- Sire: Shinko King
- Grandsire: Fairy King
- Dam: La Magnifique
- Damsire: Kampala
- Sex: Gelding
- Foaled: 8 October 2004
- Country: New Zealand
- Colour: Bay
- Breeder: A & Mrs B C Smith
- Owner: Lloyd Williams
- Trainer: (1) Kevin Myers (2) John Sadler
- Record: 9:5–2-0
- Earnings: $466,700

Major wins
- New Zealand Derby (2008), Craven Plate (2010)

= C'est La Guerre =

New Zealand-bred Thoroughbred racehorse

C'est La Guerre (foaled 8 October 2004) is a New Zealand Thoroughbred racehorse who on 1 March 2008 won the New Zealand Derby by four lengths, the largest winning margin of the race in ten years.

A son of Shinko King, C'est La Guerre was trained in Wanganui by part-owner Kevin Myers, who deserves plenty of the credit for the horse's Derby triumph. Myers trained and placed the horse brilliantly throughout the Derby campaign, having the horse at his absolute peak on Derby day after raising some eyebrows with a route that was unconventional to say the least. As the horse passed the finish line in the Derby, the astute trainer was vindicated as commentator George Simon labelled him a "deadset genius".

C'est La Guerre had his first start at Woodville on 22 October, winning a maiden three-year-old event over 1400m comfortably. In mid-November he appeared again, this time in a premier-quality race during New Zealand Cup Week at Riccarton Park, and again impressively won over 1400m.

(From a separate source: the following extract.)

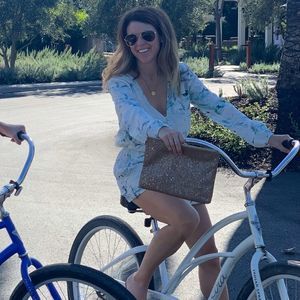 Meet your Posher, Robin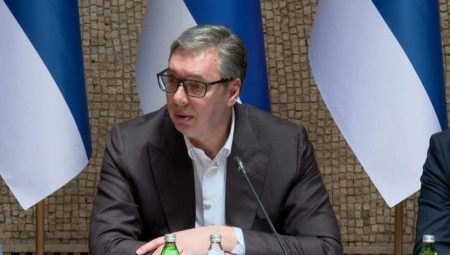 Predsednik Srbije Aleksandar Vučić odgovorio je, u okviru obraćanja na Međunarodnom forumu studenata u Palati Srbija, na pitanje studentkinje iz Angole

After the perfect start to his career, things went slightly wrong in his Derby campaign. In his next start at Awapuni he was blocked 250m from home when making what looked like potentially a winning late run, and suffered the same fate in the Group 2 Great Northern Guineas on Boxing Day when finishing 2.9 lengths behind Prince Kaapstad (who two months later was runner-up to C'est La Guerre in the Derby). As a result, he had an 8th and a 7th in his formline that did no justice to the horse's performances.

He went back to his winning way at Hastings on 25 January, and then somewhat surprisingly was taken to the country track Wairoa for his next start on 13 February. His win in the $20,000 Wairoa Cup was disturbingly narrow for a Derby contender, but in hindsight the horse was probably well short of the peak he eventually reached on 1 March.

Having completed another run over distance (for second against older horses at Otaki), he travelled to Ellerslie for the Derby and was rated a $15 chance. That dropped to $10 when there was some substantial rain on the morning of the race, as he had proven himself to be proficient on rain-affected ground earlier in his career.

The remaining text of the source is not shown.